Shawn Rabideau: First and foremost people are all on their phones and no one is paying attention to the wedding ceremony, important dances or speeches. The attention is on the device and not on the couple. The second is when you have people posting photos to the world of your wedding there is no surprise. For example many of my clients follow me on social media, so I have to be careful not to show certain things on my social media sites before the wedding happens. You want the bride and guests to be surprised. Also there would be nothing worse that that one wedding guest that might say they had a horrible meal, or didn’t get enough drinks at the bar posting their rants to Facebook or Twitter. How awful for the bride and groom to read this after their wedding.
3. Do you talk to brides and couples about social media before the event?
Angela Proffitt: Absolutely; I need to know their likes and dislikes so I can manager that expectation and communicate it to the guests before something gets out of control. It can be really fun when the couple loves their stuff being public, but a wedding is a very intimate event, and the couple should have control over what is happening.
Shawn Rabideau: We do discuss social media in the sense of hash tagging their wedding. Many couples like to create a hashtag and display it so guests can use it during the wedding. But we also discuss if they want guests to put the phones away during the ceremony. I think that’s what’s important getting guests to pay attention to the ceremony.
4. What solutions do you offer the couple to combat the issue of social media?
Angela Proffitt: If I have a client that is not a fan; I offer communication suggestions, for example:
*If they have a website, they password protect it and there is verbiage on there to let the guests know that this is a private site for their eyes only and we say it in a sweet/cute way.
*The minister will announce it at the ceremony that they is a exclusive event and pictures are welcome but only to be shared with the couple.
*I have set up private Facebook pages or thru an app, where the pictures can be shared with the couple only and they have to approve them before they are posted publicly.
*I check their social media settings in their account to ensure that they are set up appropriately and if they want to review everything before it’s posted, then it’s set up that way.
*the extreme has been where I set up a “phone check” like a coat check. We have taken up phones before and have told guests to leave cameras and phone in their cars at the request of the couple and we share the professional pictures with the guests post party.
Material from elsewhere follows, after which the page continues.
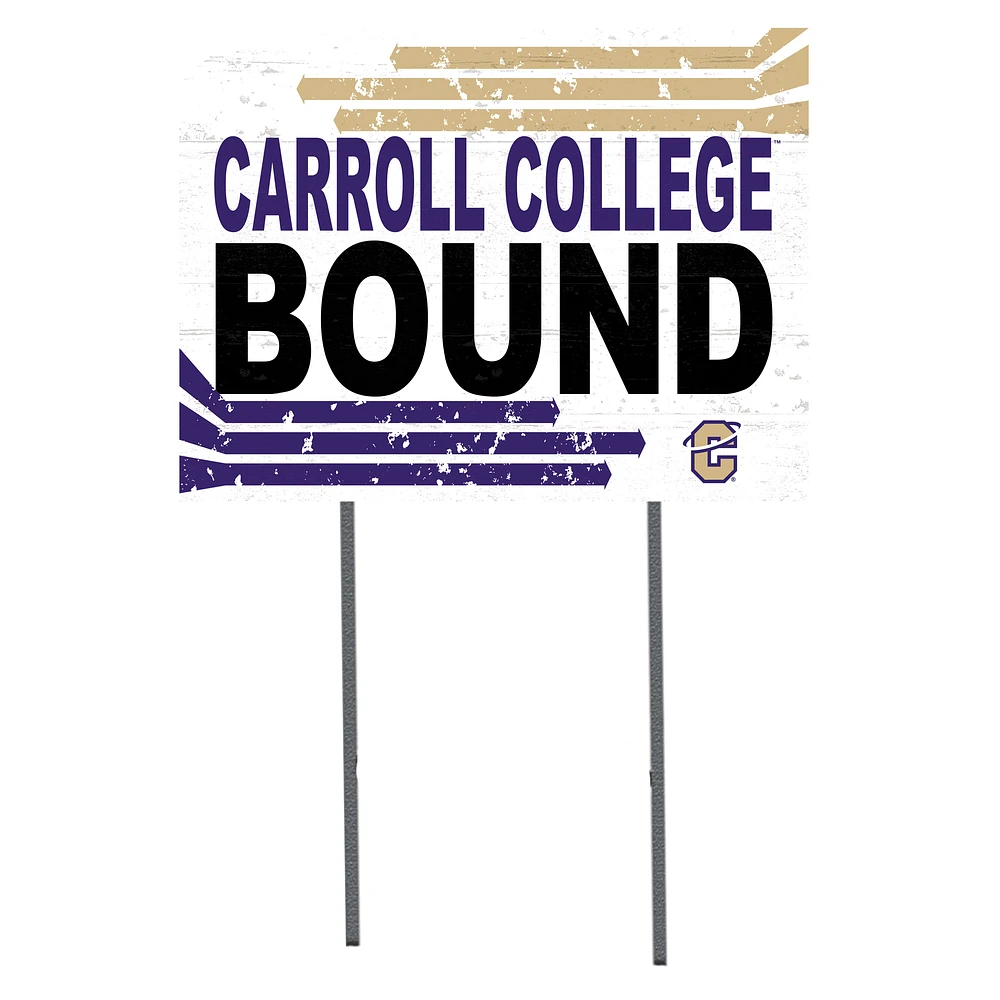 Carroll College Fighting Saints 18" x 24" Team Yard Sign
*It’s a part of my contract, asking couples if I can post pictures on my pictures page, with guests or without guests in there. Most say it’s fine, but I let them know that this is nothing more than to show future clients; you can view our gallery by venue here: http://angelaproffitt.smugmug.com/Weddings
Shawn Rabideau: It would be okay to do an insert in your invitation that states when it is acceptable to post to social media sites. Additionally, It would also be acceptable to ask guests when NOT to post to social media sites. The thing to remember is social media is here to stay, it’s how you manage it. And at the very least guests will comply with the couples requests.